:: SUPPLIED INFORMATION ::
▼

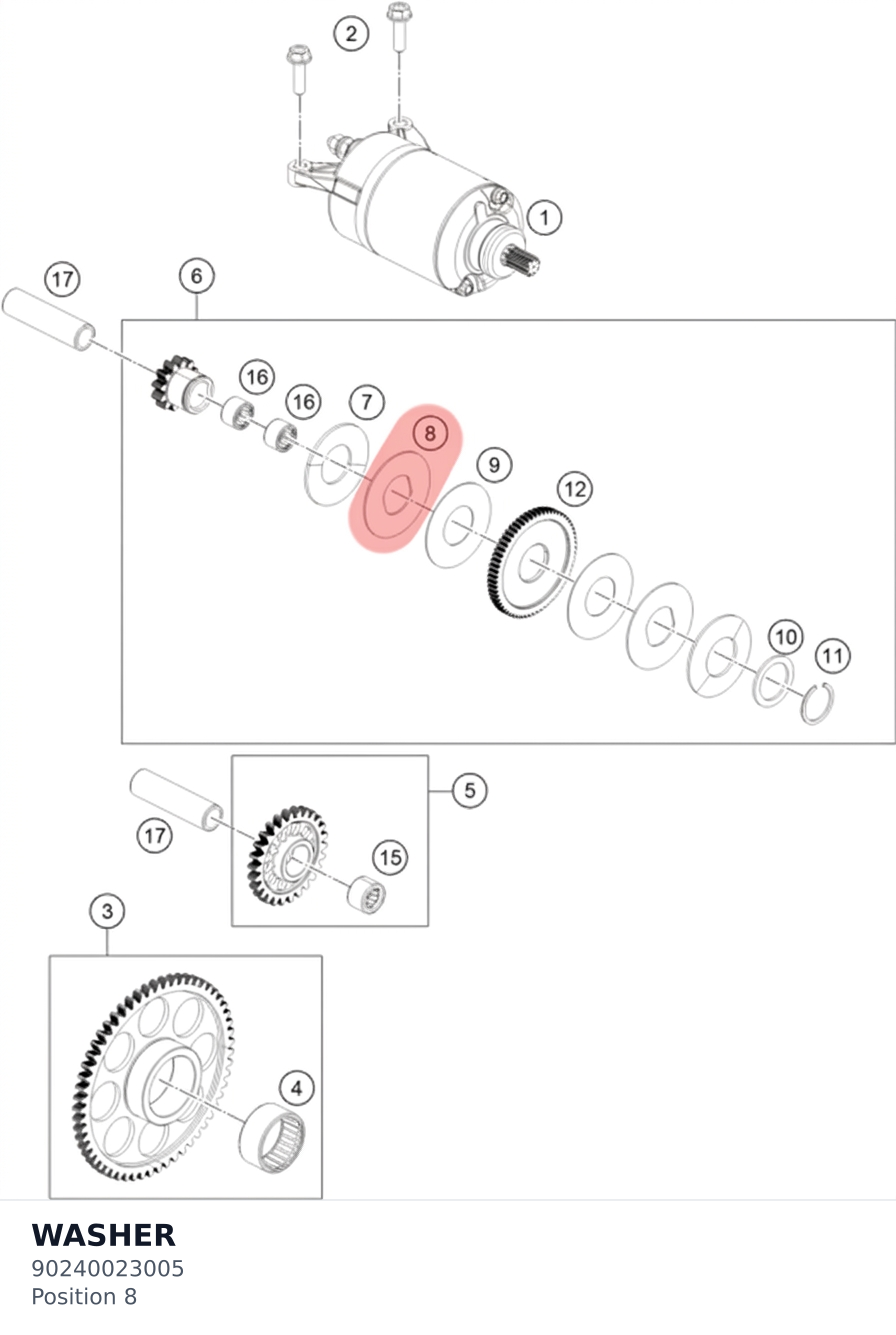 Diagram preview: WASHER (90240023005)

▲
▼

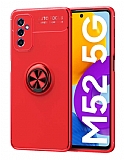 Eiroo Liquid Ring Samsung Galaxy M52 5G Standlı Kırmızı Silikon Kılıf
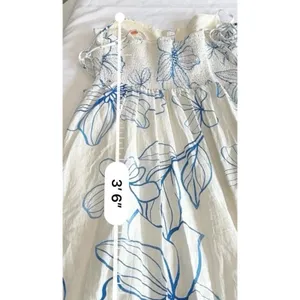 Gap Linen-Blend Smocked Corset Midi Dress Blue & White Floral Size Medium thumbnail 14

▲

:: TASK GOAL ::
What you return from the records above should be exactly everything from the line with "Eiroo Liquid Ring" down to the line with "Gap Linen-Blend Smocked", both kept, and no pictures.

:: EXPECTED ANSWER ::
 Eiroo Liquid Ring Samsung Galaxy M52 5G Standlı Kırmızı Silikon Kılıf
 Gap Linen-Blend Smocked Corset Midi Dress Blue & White Floral Size Medium thumbnail 14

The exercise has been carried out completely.